What to do -
Below are some records; find each line that carries the word "LALVIN" and copy it.

(Stored items from a collection)
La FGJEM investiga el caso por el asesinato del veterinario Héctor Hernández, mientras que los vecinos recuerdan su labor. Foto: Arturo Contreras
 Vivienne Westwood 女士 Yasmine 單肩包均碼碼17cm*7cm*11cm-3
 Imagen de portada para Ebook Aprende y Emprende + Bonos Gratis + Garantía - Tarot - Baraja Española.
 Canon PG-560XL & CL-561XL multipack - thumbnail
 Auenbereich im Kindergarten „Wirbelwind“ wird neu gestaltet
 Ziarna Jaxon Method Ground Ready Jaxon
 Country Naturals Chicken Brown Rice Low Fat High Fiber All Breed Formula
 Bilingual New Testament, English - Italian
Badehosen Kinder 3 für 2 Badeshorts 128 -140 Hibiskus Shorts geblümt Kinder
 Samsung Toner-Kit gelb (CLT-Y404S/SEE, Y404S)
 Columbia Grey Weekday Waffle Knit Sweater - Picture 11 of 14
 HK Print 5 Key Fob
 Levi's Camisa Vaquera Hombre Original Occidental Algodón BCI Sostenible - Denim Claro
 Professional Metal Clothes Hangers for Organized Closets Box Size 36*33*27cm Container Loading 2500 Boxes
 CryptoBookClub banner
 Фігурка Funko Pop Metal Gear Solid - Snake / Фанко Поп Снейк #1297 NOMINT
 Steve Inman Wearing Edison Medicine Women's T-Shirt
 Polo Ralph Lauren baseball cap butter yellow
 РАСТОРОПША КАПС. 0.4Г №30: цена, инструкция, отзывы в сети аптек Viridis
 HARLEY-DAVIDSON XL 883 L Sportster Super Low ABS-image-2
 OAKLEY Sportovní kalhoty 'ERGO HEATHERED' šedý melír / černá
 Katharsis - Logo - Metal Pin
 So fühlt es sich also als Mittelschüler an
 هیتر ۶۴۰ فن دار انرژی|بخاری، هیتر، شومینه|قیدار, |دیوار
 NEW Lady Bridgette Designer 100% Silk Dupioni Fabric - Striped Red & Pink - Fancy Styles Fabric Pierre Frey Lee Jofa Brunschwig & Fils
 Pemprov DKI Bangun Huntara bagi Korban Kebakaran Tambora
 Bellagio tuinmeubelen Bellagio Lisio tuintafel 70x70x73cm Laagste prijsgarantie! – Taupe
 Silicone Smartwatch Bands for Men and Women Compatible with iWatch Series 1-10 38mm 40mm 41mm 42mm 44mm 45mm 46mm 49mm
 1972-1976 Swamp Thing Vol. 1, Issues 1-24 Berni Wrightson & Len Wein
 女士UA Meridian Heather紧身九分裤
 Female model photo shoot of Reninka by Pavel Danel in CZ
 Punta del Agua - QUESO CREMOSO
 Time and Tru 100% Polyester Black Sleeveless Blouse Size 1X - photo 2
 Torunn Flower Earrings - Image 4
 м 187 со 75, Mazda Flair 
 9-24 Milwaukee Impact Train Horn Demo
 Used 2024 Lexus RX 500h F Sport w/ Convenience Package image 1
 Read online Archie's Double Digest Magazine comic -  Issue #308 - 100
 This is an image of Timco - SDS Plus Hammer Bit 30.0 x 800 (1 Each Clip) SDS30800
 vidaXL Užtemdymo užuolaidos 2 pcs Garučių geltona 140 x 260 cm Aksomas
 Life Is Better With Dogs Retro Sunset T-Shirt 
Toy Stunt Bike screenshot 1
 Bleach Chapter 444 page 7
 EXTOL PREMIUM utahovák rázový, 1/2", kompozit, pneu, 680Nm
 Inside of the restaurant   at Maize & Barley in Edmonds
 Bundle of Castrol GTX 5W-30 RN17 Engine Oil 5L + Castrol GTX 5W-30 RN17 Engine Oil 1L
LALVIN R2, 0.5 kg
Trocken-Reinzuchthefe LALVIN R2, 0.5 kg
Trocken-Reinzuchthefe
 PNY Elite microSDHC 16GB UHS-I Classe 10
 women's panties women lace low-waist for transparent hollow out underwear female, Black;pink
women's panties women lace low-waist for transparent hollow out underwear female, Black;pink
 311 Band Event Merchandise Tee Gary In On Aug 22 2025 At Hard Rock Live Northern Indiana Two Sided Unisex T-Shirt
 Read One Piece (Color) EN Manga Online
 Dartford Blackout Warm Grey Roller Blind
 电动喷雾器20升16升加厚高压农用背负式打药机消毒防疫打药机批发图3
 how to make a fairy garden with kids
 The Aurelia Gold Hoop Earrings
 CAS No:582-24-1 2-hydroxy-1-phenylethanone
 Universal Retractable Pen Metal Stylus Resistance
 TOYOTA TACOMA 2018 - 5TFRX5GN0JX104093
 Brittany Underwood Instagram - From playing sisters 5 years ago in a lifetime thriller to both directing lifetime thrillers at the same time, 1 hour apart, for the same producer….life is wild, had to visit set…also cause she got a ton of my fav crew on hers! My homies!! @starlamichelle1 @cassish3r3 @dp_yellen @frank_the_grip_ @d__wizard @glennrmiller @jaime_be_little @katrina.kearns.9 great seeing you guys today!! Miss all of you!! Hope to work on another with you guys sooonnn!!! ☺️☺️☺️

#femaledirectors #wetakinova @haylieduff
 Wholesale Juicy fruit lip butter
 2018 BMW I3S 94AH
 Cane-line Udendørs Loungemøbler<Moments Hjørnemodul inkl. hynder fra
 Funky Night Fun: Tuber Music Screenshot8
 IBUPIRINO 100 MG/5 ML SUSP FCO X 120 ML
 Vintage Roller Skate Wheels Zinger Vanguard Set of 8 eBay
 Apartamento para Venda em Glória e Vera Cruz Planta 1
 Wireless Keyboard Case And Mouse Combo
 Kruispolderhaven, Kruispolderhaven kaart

Solution for this task -
LALVIN R2, 0.5 kg
Trocken-Reinzuchthefe LALVIN R2, 0.5 kg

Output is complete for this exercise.